Guillaume BOUCHET, auteur cité dans le Littré

BOUCHET (1514-1594)

Dans le texte d'origine du Littré, les auteurs pouvaient être nommés par de nombreuses variantes. Dans cette version en ligne, la forme BOUCHET a été choisie.

101 citations dans le Littré

Œuvres citées dans le dictionnaire Littré

Aucune œuvre identifiée, le travail d'identification des œuvres reste à faire sur cet auteur.

Quelques citations de Guillaume BOUCHET

Voici un tirage aléatoire parmi ses 101 citations dans le Littré.

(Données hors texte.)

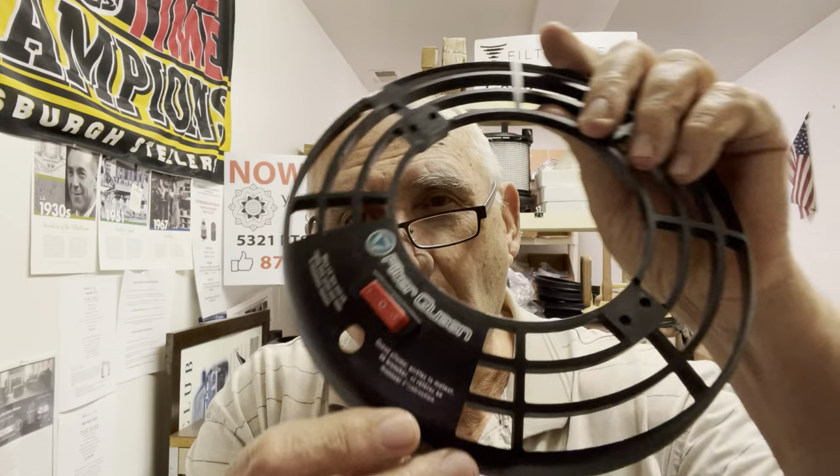Hi everybody, Mike here at the Filter Queen Service Center — another tip for you. If you have an older Filter Queen, it's probably 20 years old, and you have this kind of a switch.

  1. Nous trouvons que deux rustiques se rapporterent à un juge s'il falloit dire la bouche d'un cheval ou la gueule, et firent une gageure ; le juge va dire qu'à cause de l'excellence du cheval, il falloit dire la bouche.
    Serées, liv. I, p. 346, dans LACURNE (bouche)
  2. On dit qu'un bon charpentier ne fait jamais d'esclats.
    Serées, liv. II, p. 259, dans LACURNE (charpentier)
  3. On dit en ce païs que le poisson corne, quand il est gasté, puant et corrompu.
    Serées, p. 231, liv. I, dans LACURNE (corner [1])
  4. Je ne pense pas qu'on cognoisse les fols par la teste, encores qu'on die : il a la teste mal faite.
    Serées, III, p. 248, dans LACURNE (tête)
  5. Et au surplus ton trilogue j'ai leu Faict par bon art, de bons termes pourveu.
    dans GOUJET, Bibl. franç. t. XI, p. 344 (trilogue)
  6. Encore disons-nous en commun proverbe d'un homme illustre ou d'une chose belle par excellence : c'est une perle.
    Serées, III, p. 217, dans LACURNE (perle)
  7. On leur cria [aux menestrels] : soufflez toujours… leur soufflerie ne peut pourtant empescher…
    Serées, I, p. 186, dans LACURNE (soufflerie)
  8. Il en fut fait information, et me souvient qu'un des records, estant ouy en jugement de ceste force et batterie, disoit au juge : Monsieur, je ne receus ja mais si beau soufflet à mon gré que celui que me bailla un de ceuz qui nous empescherent de mettre en prison.
    Serées, liv. III, p. 92, dans LACURNE (gré)
  9. Se met au beau milieu de la table, et pensant estre là en un bon lieu et en la place des niais [la bonne place].
    Serées, liv. II, p. 87, dans LACURNE (niais, aise)
  10. Toutes les femmes estant faschées de quoi leurs maris avoient oui parler d'une si salaude femme.
    Serées, t. II, f° 249, dans POUGENS (salaud, aude)
  11. Au temps de la monte, quand on faict saillir les juments.
    Serées, liv. I, p. 408, dans LACURNE (monte)
  12. Ce chiragre nous voyant rire et moquer de sa main.
    Serées, liv. III, p. 89, dans LACURNE (chiragre)
  13. Le diabloton qui estoit du nombre de ceux que les bonnes gens du village disent ne sçavoir que faire gresler le persil.
    Serées, II, p. 100, dans LACURNE (grêler [1])
  14. Un marchand drogueur ou espicier.
    Serées, liv. I, p. 104, dans LACURNE (drogueur [1])
  15. Les gardes lors eurent grand'envie de lui bailler du roux de billy, dont les lardons sont de bois, et de le faire crocheteur.
    34<sup>e</sup> serée. (lardon)
  16. Nous appelons les gens indoctes et sans esprit, grandes oreilles et grands asnes, à cause que les asnes, qui ont les oreilles longues, sont fort indociles.
    Serées, II, p. 46, dans LACURNE, au mot indocte. (indocile)
  17. Se jettant au beau milieu de la foire comme une mousche sans teste.
    Serées, liv. III, p. 4, dans LACURNE (mouche)
  18. Qu'il n'y avoit homme ny femme qui ne fust subject à ceste vimere et à ce climat.
    Serées, liv. I, p. 28, dans LACURNE (vimaire)
  19. Nous ne sommes que nambots et avortons eu esgard à la grandeur de ceux du vieil temps.
    Serées, livre II, p. 211, dans LACURNE (nabot, ote)
  20. Et si les garentiroit de tous dangers belliques qui peuvent survenir au corps, en lui baillant la chemise de necessité qu'on a accoutumé vestir quand on va à la guerre, laquelle est faitte de lin filé la nuit de Noël par des filles chastes au nom du diable.